The System z10 Business Class (z10 BC), announced Tuesday and generally available now, follows in the tradition of IBM refreshing its primary mainframe product and then following up several months later with a stripped-down, cheaper version, says Forrester analyst Brad Day. But the so-called "baby mainframe" is a pretty strong machine on its own, and lets IBM compete more aggressively against various RISC and Itanium-based servers as well as high-end x86 and x64 machines, Day says. (Compare server products)
"This is a Paul Bunyan version of the baby mainframe," he says. IBM is clearly making a move against vendors like HP, Sun and Fujitsu who are targeting legacy customers with mainframe migration programs, Day says.
IBM has optimized the mainframe for Linux, working with Red Hat and Novell to fix bugs and ensure that all drivers run solidly with the Linux operating system, says System z marketing vice president Karl Freund.

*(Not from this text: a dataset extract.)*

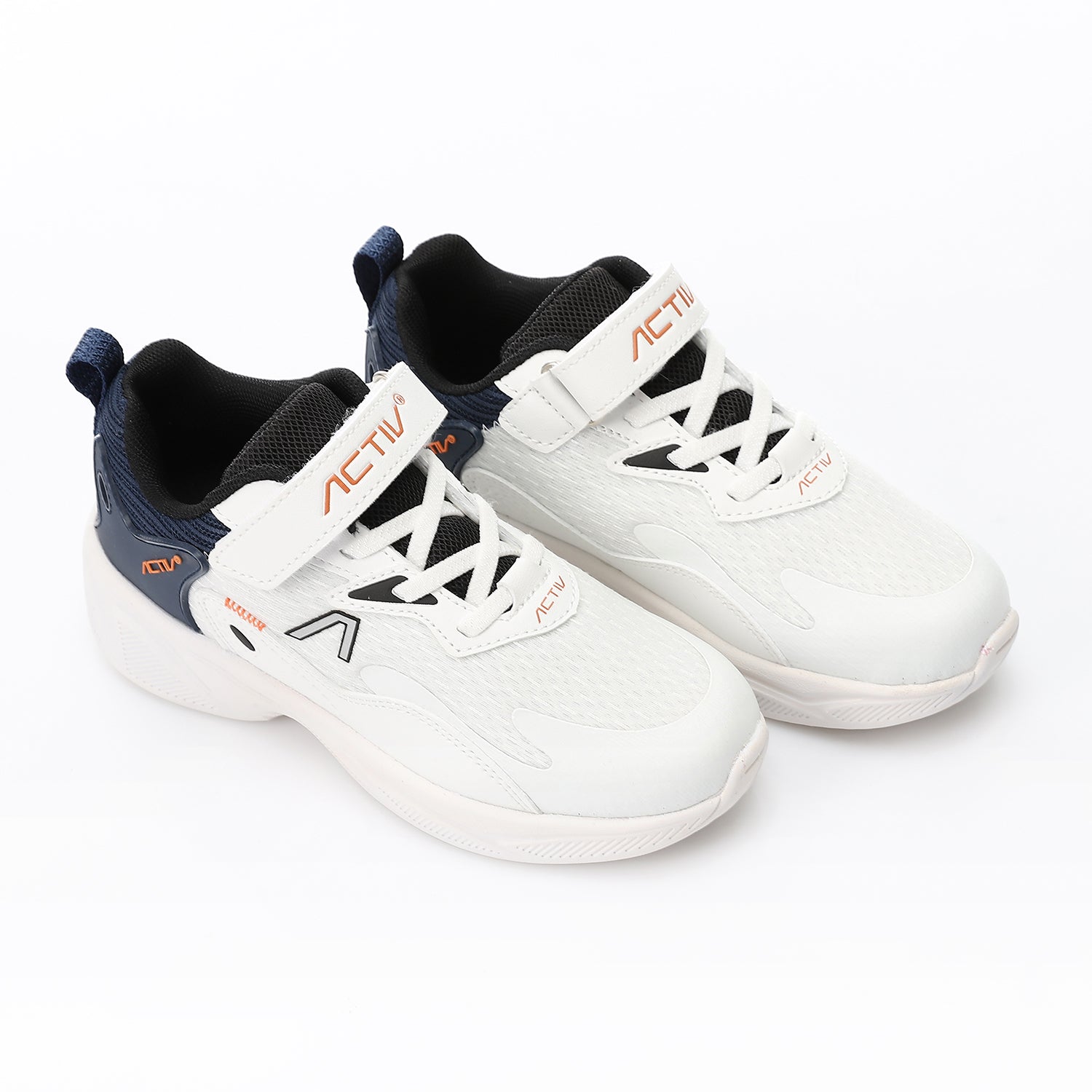ACTIV KIDS VELCRO SHOES - WHT*NAVY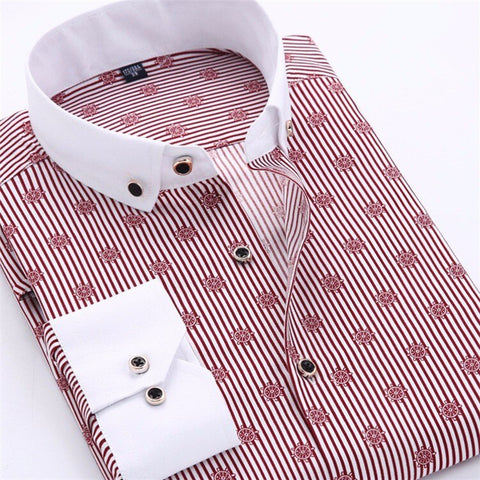 Image of Jenkins Dress Shirt Long Sleeve Slim Fit Button Down Collar Business Shirts-FrenzyAfricanFashion.com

IBM executives also decided the mainframe simply wasn't cheap enough to convince customers to run new Linux workloads, he says.
IBM lowered by 50% the cost of a specialty engine that lets the business-class mainframe run Linux, bringing the price of this add-on capability down to $47,500, according to Freund. Application servers, databases and Web servers will probably be the most common Linux applications to run on the new business-class machine, he says.
"We're continuing to make the mainframe more mainstream, more interesting to new customers, and more interesting to medium-sized businesses," he says.
IBM's mainframe has supported Linux for five years, and Big Blue is increasing its push on this front because Linux because is becoming a more sophisticated enterprise-class operating system, Freund says. The mainframe doesn't have a way to run Windows workloads but "It's something we're certainly interested in exploring," he adds.
The z10 BC is nearly 40% faster and has nearly four times the maximum memory of its predecessor, IBM says. The new business-class mainframe delivers capacity equal to 232 x86 servers, while the high-end mainframe is equal to nearly 1,500 x86 servers, IBM says.
With the exception of IBM, the mainframe market is pretty much dead, Day says. Customers that have never owned a mainframe are often wary of buying one, but IBM has tried to reinvent the system to operate new workloads, such as ones more commonly run on RISC and Itanium processors. Day says the effort has been successful, as much of IBM's mainframe growth over the last two years can be attributed to new workloads rather than upgrades to pre-existing machines.
The mainframe has always run data-intensive transaction processing applications such as those used in the financial and utility industries, Day notes. Now it's getting better at running compute-intensive workloads that demand high amounts of CPU and memory, he says.
The basic pricing of z10 BC starts at under $100,000, about the same as the previous business class mainframe. Typical deals will range from $250,000 to $500,000 Freund says. The top-of-the-line z10 mainframe announced in February starts at $1 million and the price increases dramatically depending on the configuration.
IBM argues that the new business-class mainframe can be more cost-effective than x86 servers because eight x86 machines can be consolidated onto a single mainframe processing core.